◆ **STORED DATA**:

┄┄┄┄┄┄

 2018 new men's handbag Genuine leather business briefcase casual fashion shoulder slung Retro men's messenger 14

┄┄┄┄┄┄

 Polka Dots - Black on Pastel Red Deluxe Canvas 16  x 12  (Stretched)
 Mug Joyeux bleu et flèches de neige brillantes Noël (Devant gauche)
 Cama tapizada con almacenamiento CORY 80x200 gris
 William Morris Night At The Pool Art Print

┄┄┄┄┄┄

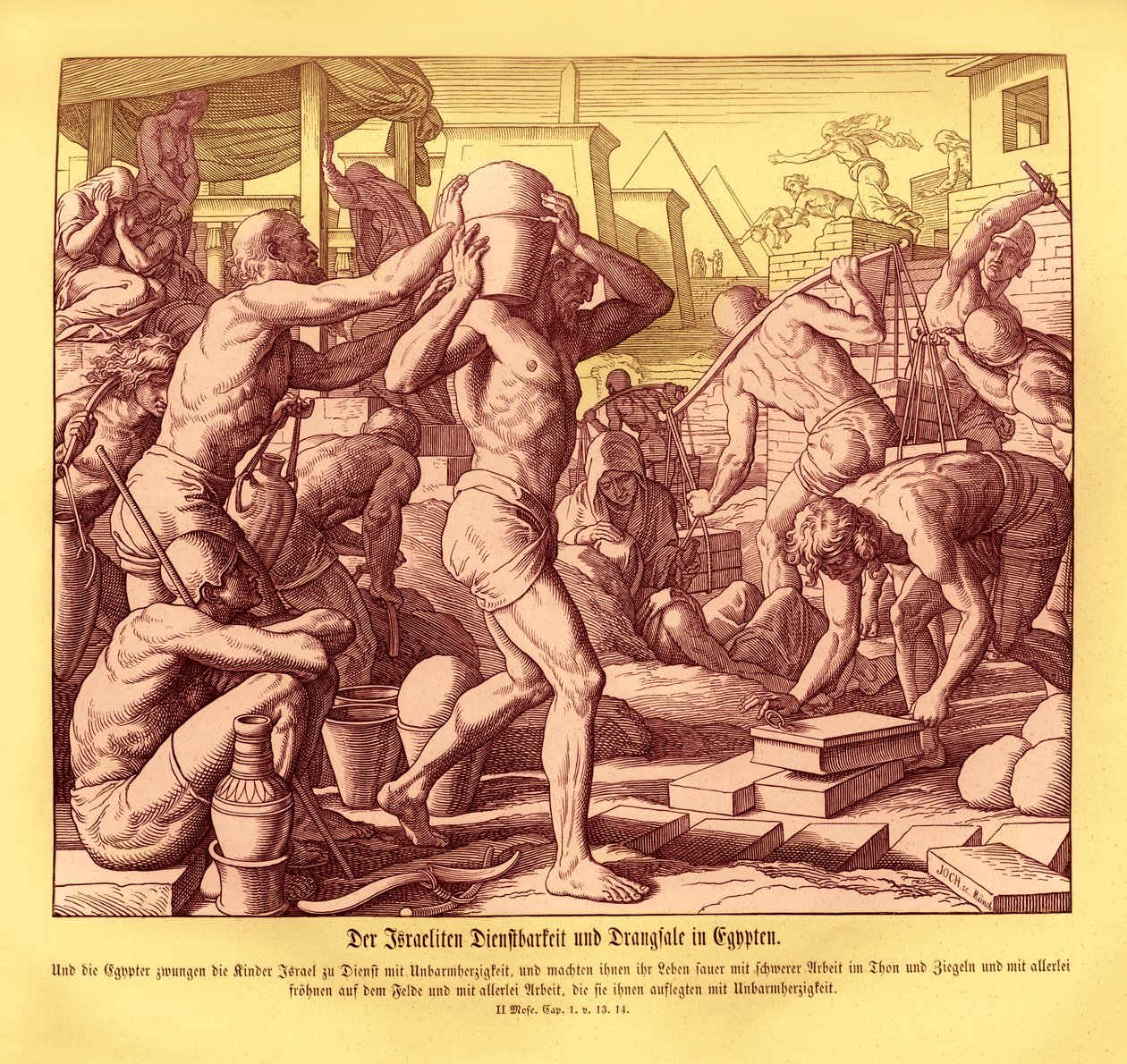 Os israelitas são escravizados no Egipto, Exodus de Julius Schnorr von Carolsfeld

┄┄┄┄┄┄

◆ **TASK**: Copy exactly the stretch of data above from the line with "Cama tapizada con" through the line with "William Morris Night At The Pool Art Print", and omit all other lines.

◆ **WRITTEN ANSWER**:
 Cama tapizada con almacenamiento CORY 80x200 gris
 William Morris Night At The Pool Art Print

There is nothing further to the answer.